指示を出すのは難しい。
指示の明確さと指導力は比例すると思う。
一番よくないのは、多すぎる指示である。
確実に混乱する。
まず何をしていいのかよくわからなくなるのだ。
悪いのはこういうのだ。
「かけざんの問題を1問作って解いて、友だち2人にサインしてもらってからセロテープで重ねないようにまどにはりなさい。」
このように指示を出していたら、クラスは1週間で崩れる。
指示が通らない原因のほとんどは、指示のまずさにある。
最低以下のように分解する必要がある。
**********
①かけざんの問題を1問作りなさい。
②作った問題を自分でときなさい。
③解いたら友だち2人に見せてサインをもらいなさい。
④最後にセロテープで重ねないようにまどにはりなさい。
**********
次にまずいのは、曖昧な指示・説明である。
断片的で様々な解釈ができる指示・説明は混乱を招く。
目的や注意点、最後の確認までの一連の流れを区切って明快に示すべきである。
「自分が気に入った小さい石を5つほど拾って先生に見せに来なさい。

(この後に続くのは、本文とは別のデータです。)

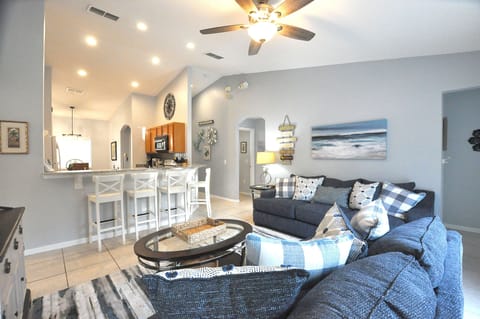 There's plenty of room for the entire family to relax! Photo January 2023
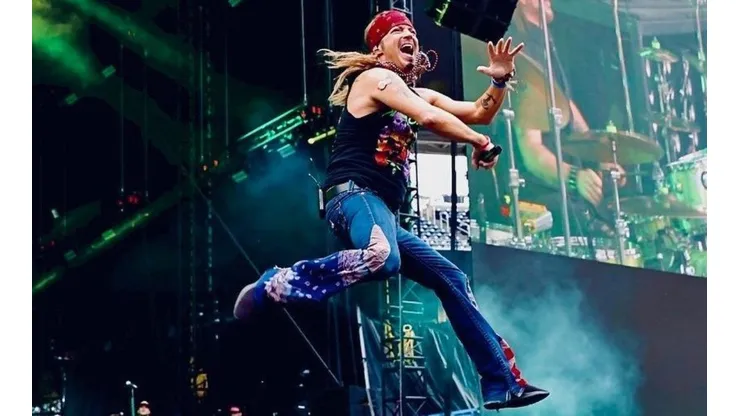 Breat Michaels en el escenario con Poison.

」
これはダメである。
こう分解すると子どもたちは活動に専念できる。
*******
①今度、かざりを作りますからきれいな石を拾いなさい。(目的の明示と「きれい」の限定)
②5つ拾います。(数の明示)
③大きさは自分の親指のつめよりも小さいものにしなさい。(大きさの明示)
④5つ拾ったら、先生のところに見せに来ます。(行動の転換点の明示)
⑤合格の人にはつめにシールを貼ります。(確認法の明示)
*******
指示が的確に分解できるということは、なぜ・何を・どんなふうにして、どんなゴールをめざしているかを教師が明確に持っているという証である。明確に指示を出す人は「未来イメージ」を見て話しているのだ。
思いつきで話しているようでは「バラバラ指示」に終わり、子どもたちの行動もバラバラになる。